Number 2142                                                                                                                     
REPRESENTATIVE CROFT asked Mr. Bishop whether it's true that the                                                                
state program which is hampered now would be legalized under the                                                                
MR. BISHOP replied it is constrained but is legal under SB 74.                                                                  
REPRESENTATIVE CROFT remarked that there was testimony that                                                                     
indicated it's virtually impossible.                                                                                            
MR. BISHOP replied he agrees that it is virtually impossible.                                                                   
However, it's not illegal.  He added that it has not been                                                                       
prohibited, but it has been greatly constrained.                                                                                
Number 2214                                                                                                                     
REPRESENTATIVE CROFT stated it wasn't the airborne wolf shooting                                                                
part but the relegalized part that he [Mr. Bishop] took issue with                                                              
on the postcard.                                                                                                                
MR. BISHOP explained that he objected to the postcard saying it                                                                 
would relegalize airborne wolf shooting.                                                                                        
REPRESENTATIVE CROFT indicated that there would be, under the                                                                   
bill's authority, a broader scope to shoot from the air with state                                                              
programs and in some cases state agents.                                                                                        
MR. BISHOP stated that it would expedite the process, but it is not                                                             
currently illegal for the state to shoot wolves from the air, even                                                              
under current state or federal law; it would not be relegalizing                                                                
REPRESENTATIVE CROFT asked Mr.
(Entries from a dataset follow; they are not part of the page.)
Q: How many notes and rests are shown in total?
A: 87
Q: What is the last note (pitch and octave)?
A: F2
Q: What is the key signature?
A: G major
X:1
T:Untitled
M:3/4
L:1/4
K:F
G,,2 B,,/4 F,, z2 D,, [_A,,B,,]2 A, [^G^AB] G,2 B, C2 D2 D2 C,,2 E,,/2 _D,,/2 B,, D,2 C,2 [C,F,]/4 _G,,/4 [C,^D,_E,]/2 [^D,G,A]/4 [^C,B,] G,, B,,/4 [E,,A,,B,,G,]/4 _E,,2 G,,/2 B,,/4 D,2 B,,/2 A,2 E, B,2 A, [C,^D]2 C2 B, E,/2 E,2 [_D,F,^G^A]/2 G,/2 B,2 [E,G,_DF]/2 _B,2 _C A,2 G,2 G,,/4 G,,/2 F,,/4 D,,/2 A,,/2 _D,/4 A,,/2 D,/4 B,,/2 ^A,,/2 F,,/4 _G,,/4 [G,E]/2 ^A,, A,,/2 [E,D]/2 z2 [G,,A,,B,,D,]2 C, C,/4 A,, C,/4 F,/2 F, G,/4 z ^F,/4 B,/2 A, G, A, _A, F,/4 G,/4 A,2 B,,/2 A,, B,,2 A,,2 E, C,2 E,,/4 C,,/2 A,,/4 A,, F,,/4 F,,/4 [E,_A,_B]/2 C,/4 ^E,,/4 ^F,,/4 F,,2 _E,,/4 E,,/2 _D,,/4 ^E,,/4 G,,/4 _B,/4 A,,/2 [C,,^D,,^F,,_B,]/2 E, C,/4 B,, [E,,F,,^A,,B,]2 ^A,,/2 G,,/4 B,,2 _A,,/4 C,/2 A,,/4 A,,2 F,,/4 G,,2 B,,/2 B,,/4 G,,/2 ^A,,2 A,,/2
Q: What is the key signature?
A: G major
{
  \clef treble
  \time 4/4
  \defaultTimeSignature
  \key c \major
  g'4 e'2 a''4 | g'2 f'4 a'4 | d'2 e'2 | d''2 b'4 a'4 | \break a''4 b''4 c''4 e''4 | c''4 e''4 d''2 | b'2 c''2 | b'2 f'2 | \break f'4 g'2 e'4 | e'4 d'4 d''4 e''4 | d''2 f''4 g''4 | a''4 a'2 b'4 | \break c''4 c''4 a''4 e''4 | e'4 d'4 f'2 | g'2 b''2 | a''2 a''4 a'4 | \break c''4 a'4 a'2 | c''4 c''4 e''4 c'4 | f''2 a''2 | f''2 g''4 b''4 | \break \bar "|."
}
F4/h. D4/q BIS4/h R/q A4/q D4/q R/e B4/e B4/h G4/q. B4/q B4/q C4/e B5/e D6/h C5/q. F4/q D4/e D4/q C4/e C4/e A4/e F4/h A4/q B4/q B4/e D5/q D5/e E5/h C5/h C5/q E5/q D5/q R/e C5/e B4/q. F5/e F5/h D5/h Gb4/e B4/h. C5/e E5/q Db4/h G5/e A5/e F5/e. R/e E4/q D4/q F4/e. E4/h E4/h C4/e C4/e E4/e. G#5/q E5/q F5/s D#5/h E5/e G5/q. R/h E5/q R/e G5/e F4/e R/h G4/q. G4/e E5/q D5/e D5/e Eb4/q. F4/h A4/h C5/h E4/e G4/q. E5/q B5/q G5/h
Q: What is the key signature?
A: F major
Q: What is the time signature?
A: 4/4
Bishop whether it would make it                                                                  
easier for the state to shoot wolves from the air.                                                                              
MR. BISHOP replied in the affirmative.                                                                                          
REPRESENTATIVE CROFT commented that the state is constrained now                                                                
and in a wider variety of circumstances the state could shoot                                                                   
wolves from the air.                                                                                                            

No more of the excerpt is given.